Integrated Technology Station
Integrating technology is a great way to engage and focus students. However, competency-based learning requires that technology take students beyond practice and skill acquisition. There are many new sites and apps that allow students to apply their knowledge and document their learning. They also allow students the ability to create, analyze, and make connections. These tools are “game changers” in the center model.
One such tool is Seesaw, a student-driven digital portfolio. Seesaw is a “game changing tool” for both student documentation and assessment and provides the teacher with the ability to monitor growth and progress. Teachers can also provide timely feedback and use student work to flexibly group students and provide appropriate, leveled instruction. Teachers can also use these artifacts to prove mastery and readiness of a student to move on.
Seesaw allows students to take pictures and videos of their own work. They can record their explanations of how they completed a task or share their critical thinking. They can use the new “labels” tool to demonstrate understanding while again adding an audio recording.

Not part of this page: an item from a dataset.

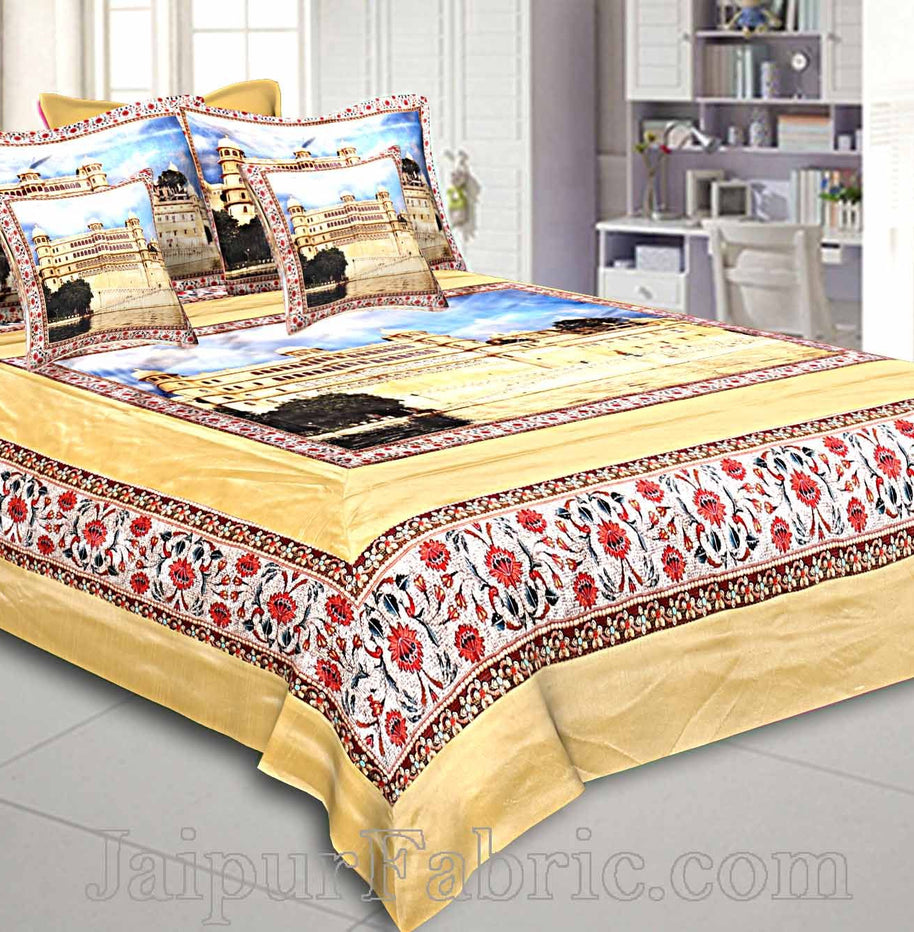 Digital Print Silk Bedsheet Udaipur Fort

One example of how Seesaw has been used during math centers is to have students build small towers using base-ten blocks. Students are then asked to calculate the value of their tower and explain how they know. Students were able to take a picture of their tower, utilize the drawing tool to write their tower’s value and then apply the recording tool to share their thinking. Finally, this artifact can be uploaded and saved into their portfolio, where the teacher could view and comment. This all can happen within a 15 minute, independent station.
Another great tool to use in tech stations are intuitive programs that practice fact fluency. Tools such as Reflex Math are adaptive and provide individualization. What makes it really work for competency-based centers is that teachers can monitor their students’ progress and provide support for those who need it.